Indeed, innovation and invention do not have the same meaning. One definition of innovation I found a long time ago sounds like this: "New ways of leveraging existing ideas, technologies, processes etc. to create value". This includes two important elements, first innovation may consist in the new use of existing ideas, not everything needs to be new, and second, innovation is related to the creation of value, in other words to the notion of doing business. Invention on the other hand is: "The creation of new ideas which may or may not prove to have value." So, invention inherently includes the concept of coming up with something new. Whether that something new is valuable or not remains to be seen. Obviously, invention and innovation can go hand in hand. When Edison created the light bulb, not only did he perform a great invention, but he did it in such a way that it became economically viable. He innovated through the creation of an entire integrated electric system of which the light bulb was one component.

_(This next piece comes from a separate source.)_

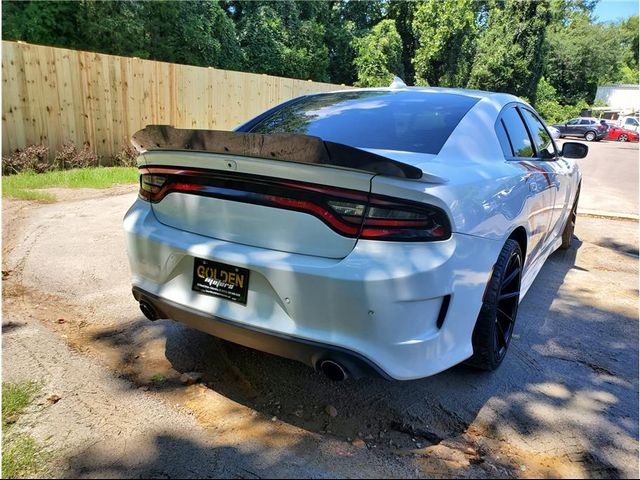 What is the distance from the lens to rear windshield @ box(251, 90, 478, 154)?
2.72 m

Enterprises today can innovate in a variety of spaces. The most known one is obviously the product/services innovation, but it is not the only one. I count five spaces, I'd like to discuss briefly here:

• Business Innovation, finding new business models, new processes to reach the customer or consumer, new efficiencies in the approach taken, new channels of distribution etc. That innovation is often left to the line of business managers. Marketing will innovate in how to approach customers and make the brand visible and desirable. Services will find new ways to help customers out and resolve potential problems during and after warranty. And I could go on like this.


• Ecosystem Innovation, finding new approaches to use the strength of the supply chain and distribution partners to delight the customer. This includes supply chain integration, visibility, exchange of information across the ecosystem, improvements in operations etc. It is all related to tying the enterprise better with its partners up- and downstream. Functions such as Supply Chain and Distribution are focused on this type of innovation.


• IT Innovation, finding new ways for IT to support the business better. This can go from the development of a private cloud to support the changes in workload throughout the year, to the development of platforms to support interacting with suppliers, distribution partners and customers.


• Product/Services Innovation and I put products and services together as the lines between both are increasingly blurring. How can new technologies improve the experience of an existing product? Can the integration of the product with some services deliver a new user experience? Can new things be invented by the creative combination of existing products/services with new technologies, channels, approaches etc. In a world where new things appear all the time, where software takes an increasing role in products, where the internet becomes ubiquitous, many new things can be dreamed up. This is the role of business units in general and the product development team in particular.


• And then, there is a last type of innovation that supports all of the above, and this is Technology Innovation. Indeed, identifying new technologies and making them available to improve the business approach, the ecosystem integration, IT or product/service combinations, is critical for companies that want to stay at the forefront of innovation. This is often how inventions will enter the innovation cycle. Having a technology watchdog that reviews what's new out there, is critical. Is this the reason why the role of CTO (Chief Technology Officer) is becoming so popular?

The key thing for enterprises is to carefully choose their bets. This requires curiosity and creativity. Indeed, curiosity to go and find out the new ideas that might be of interest and creativity to see how those could best be used in the context of the enterprise. In a future entry, I will take the example of the electronics industry, look at key trends and how such trends could lead us to innovation as described above, so stay tuned.

Many things have been said about the HP IT Transformation and how we turned the business upside down. Randy Mott even described the three big mistakes made during this journey. HP leads IT transformation by example. And I could go on like this. However, while the transformation of corporate IT receives a lot of the limelight, there is another far-reaching transformation ongoing, and that one concerns the R&D IT.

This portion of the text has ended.